# Lost...and Found



## mrblanche (Feb 2, 2011)

*LOST...AND FOUND*

Dear God...
Or Allah...
Or Bast...

Or Whoever answers
The prayers of kittens.

Please help me.
It's a big, cold world,
And I'm a tiny, cold kitten,
Hiding here, under the bush.

<_I hear you, little one_.>

What did we do wrong?
Why did they throw us out
Of the warm house
Where Mama is?

They put all six of us
Out here, alone.
We huddled together
All night, in the cold.
But my brothers and sisters
Have all stopped moving.
It's getting very cold here,
And the rain is soaking me.
I don't know how to find food,
And I'm so tired.

<_Your brothers and sisters
Have gone to a good place_.>

Please help me!  
Will I go there, too?

<_Not now, not yet.
Cry out, little one_.>

Help me!  Help me!
Here!  Under this bush!
I'm hungry!
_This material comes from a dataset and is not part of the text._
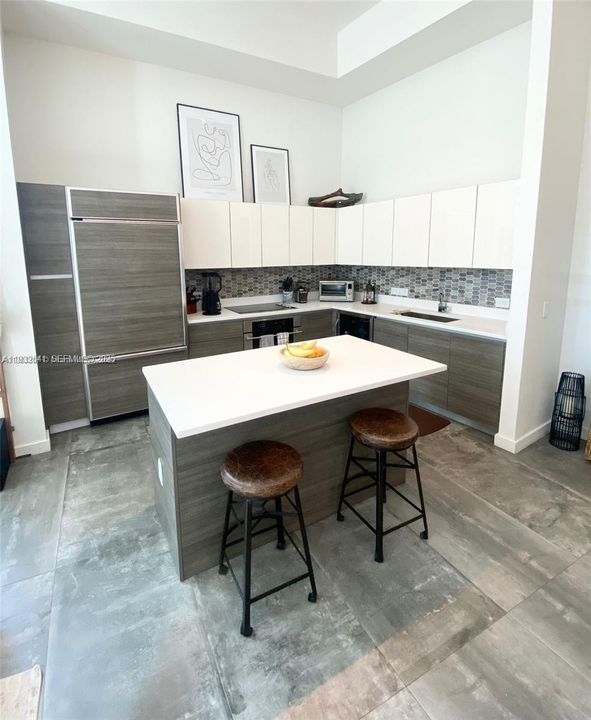 出租: $4,300 (2 贝兹, 2 浴室, 1167 平方英尺)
I'm cold!

<_Louder, child_.>

HELP ME!  SOMEONE!
ANYONE!  I'M LOST!
DON'T LEAVE ME HERE!
I WANT TO LIVE!

<_Look in front of you_.>

I see big shoes!

<_I put them on the path to you_.>

I see a face!

<_I turned it toward you_.>

Ah, warm hands have picked me up!

<_They know kittens well.
They needed a new little one,
Like you,
To fill a hole in their heart,
And an empty place in their home_.>

They have put me in their coat.
I will love them.
My purr will warm us both!

<_Farewell, child.
Your prayer,
And theirs,
Was heard_.>


--Mike Blanche


----------



## shadows (Feb 3, 2011)

Awww, glad this poem had a happy ending, poor little kittens.  You could probably lose the last verse.  It tells what you have shown already.  Trust the reader to see this in those words rather than underline it.


----------



## Farleyv (Feb 3, 2011)

I was able to visualize this very well.  I like the discussion between God and a small kitten.   Although it starts out on a sad note, it ends up hopeful.  It's a nice work, Mike.


----------



## catbehaviors (Feb 4, 2011)

Beautiful poem, Mike.  I love how everything fell into place for the kitten.  Keep posting your work!


----------



## SvirVolgate (Feb 4, 2011)

This is really well done! Keep it up!


----------



## mrblanche (Mar 6, 2011)

I think the last verse could be seen as superfluous, except that it points out that "the gods" were working both sides of the equation.


----------